I remember obsessing over this little guy. I obsessed over the flashy graphics on the backer card, the little clip’n’save tech spec card on the back, the funny radio-looking sticker on his chest, and most of all the little rub sign on the top of his car mode. All Transformers figures from 1985 and 1986 have these heat-sensitive rub-signs that reveal the toy’s allegiance. Being the kind of kid who loved to pull things apart and put them back together again, I tried to pick the rub sign off of Tailgate. It didn’t go so well. My mom glued it back into place, but it never worked right again.
Tailgate transforms into a “cute” version of a Pontiac Trans Am, and is a retooling of the 1984 Autobot Windcharger. (Windcharger is red and has a completely different head sculpt and chest sticker.) Neither of these were things I was aware of in 1986, nor did I have any inkling that my beloved Tailgate, along with wavemates Swerve, Hubcap, and Pipes, would be inadequately represented in Transformers media for the next quarter century.

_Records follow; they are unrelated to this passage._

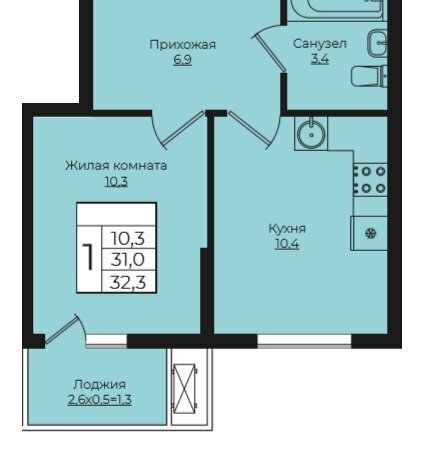 квартира г Краснодар р-н Прикубанский ЖК «Европа-Сити» 1 жилой комплекс Европа Клубный Квартал 6 фото 1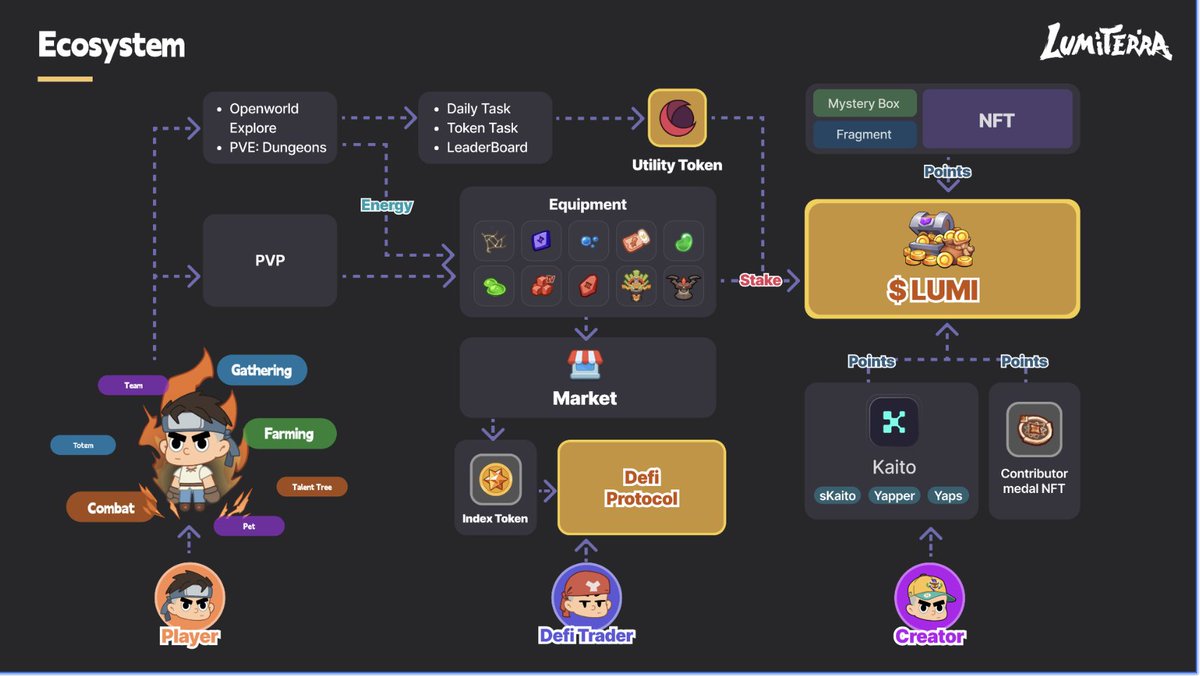 Shadow King (@web3_shadowking) on Twitter photo Why Lumiterra stands out 🧵👇
1. Full MMORPG gameplay
2. Player-run economy
3. Gear = value = rewards
4. Creators earn too via Kaito
5. Marketplace + DeFi integration
6. Interconnected professions
7. Stake-to-earn + leaderboard climb
8. $LUMI flows through it all
A true Why Lumiterra stands out 🧵👇
1. Full MMORPG gameplay
2. Player-run economy
3. Gear = value = rewards
4. Creators earn too via Kaito
5. Marketplace + DeFi integration
6. Interconnected professions
7. Stake-to-earn + leaderboard climb
8. $LUMI flows through it all
A true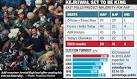 AAP upbeat, BJP still hopeful - The Hindu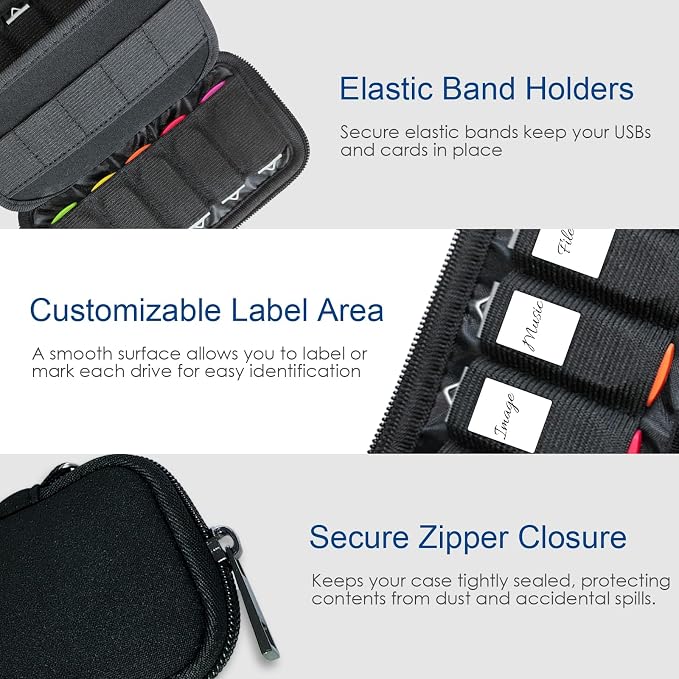 JBOS USB Flash Drive Case with 10 USB Drive Slots and 10 Memory Card Slots Storage Organizer Case Holder for Thumb Drives Jump Drives SD Cards with Zipper Bag Black - Image 2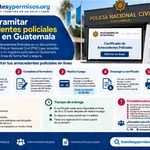Cómo tramitar antecedentes policiales en línea en Guatemala 2026: requisitos y pasos para obtenerlos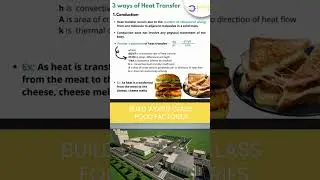 Heat transfer  Unit operation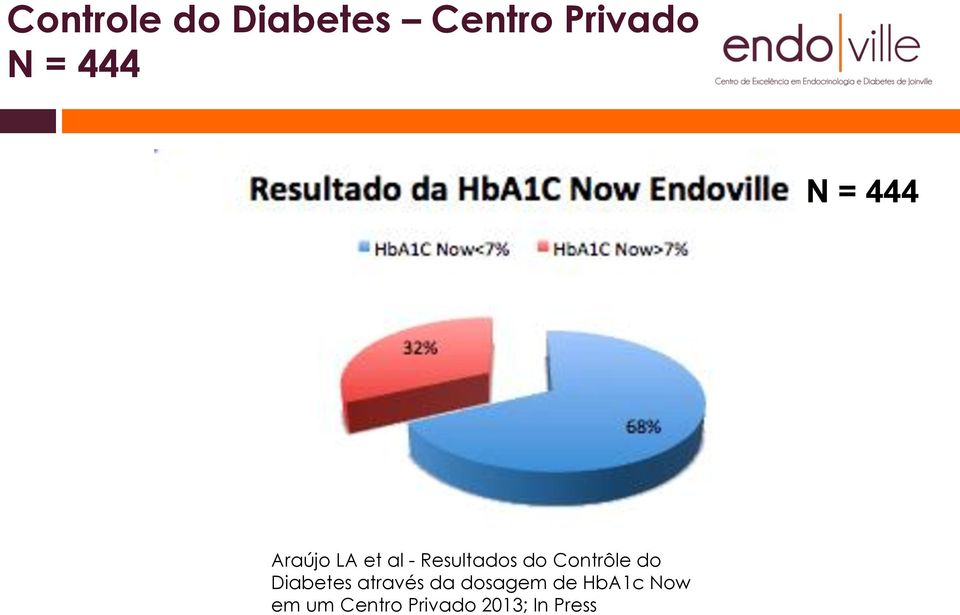 do Contrôle do Diabetes através da dosagem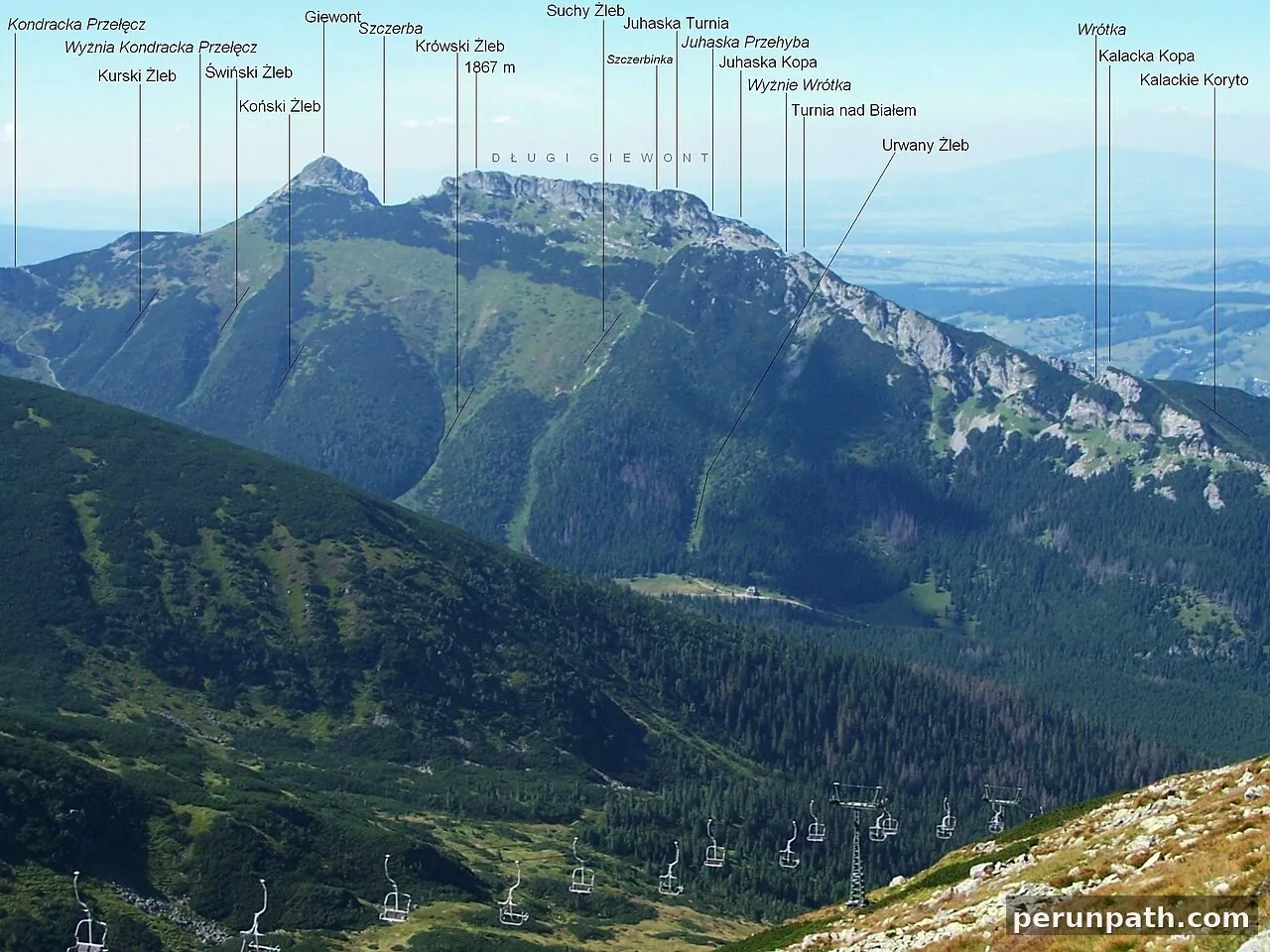 Trasa na Giewont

Transformers comics and cartoons had no time for these little toys at the lowest price point in 1986; they were out to sell the key heroes and villains of the movie and the combiner teams, figures that are parts of greater ensembles.

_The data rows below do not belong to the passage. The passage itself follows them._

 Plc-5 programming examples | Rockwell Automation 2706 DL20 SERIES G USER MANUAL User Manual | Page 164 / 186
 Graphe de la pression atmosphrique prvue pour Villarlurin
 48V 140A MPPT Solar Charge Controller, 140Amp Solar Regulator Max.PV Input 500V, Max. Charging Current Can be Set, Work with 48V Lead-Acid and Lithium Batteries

You can thus imagine my surprise when, in January 2012, he turned up in the pages of IDW Publishing’s Transformers: More Than Meets The Eye #1 by James Roberts (writer) and Nick Roche (penciler). And then again the next month (when the equally talented Alex Milne took over on pencils, as he would for most of the rest of the title’s “first season”). And the month after. He was a regular.

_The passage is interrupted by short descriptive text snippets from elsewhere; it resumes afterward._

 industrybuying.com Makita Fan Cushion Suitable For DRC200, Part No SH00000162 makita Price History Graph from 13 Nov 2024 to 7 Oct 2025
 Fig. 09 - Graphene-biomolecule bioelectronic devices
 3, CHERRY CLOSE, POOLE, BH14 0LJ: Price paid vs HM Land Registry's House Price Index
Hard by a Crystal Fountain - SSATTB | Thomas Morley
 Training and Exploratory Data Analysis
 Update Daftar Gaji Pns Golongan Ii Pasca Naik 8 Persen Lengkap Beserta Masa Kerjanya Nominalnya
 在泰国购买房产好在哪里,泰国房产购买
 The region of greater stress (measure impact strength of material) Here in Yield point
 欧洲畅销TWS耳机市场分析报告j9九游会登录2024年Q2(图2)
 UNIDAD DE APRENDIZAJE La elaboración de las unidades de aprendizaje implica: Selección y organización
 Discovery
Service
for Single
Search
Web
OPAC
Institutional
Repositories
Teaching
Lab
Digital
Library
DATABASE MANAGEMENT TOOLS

Not only that, a beloved regular.
Briefly: More Than Meets The Eye follows the adventures of a crew of Autobots, headlined by 1986 movie heroes Rodimus and Ultra Magnus, as they set off aboard the Lost Light to locate the legendary “Knights of Cybertron” in order to (hopefully) bring about a new Golden Age on Cybertron. By and large, the crew is made up of characters who debuted from 1986 through the end of the original Transformers toy line, characters who never had a chance to have a major speaking role back when their toys were new. While this gives writer James Roberts a great deal of latitude with these characters, it also gives long-time fans like myself genuinely new Transformers stories, which is great given that the series celebrates its thirtieth anniversary this year.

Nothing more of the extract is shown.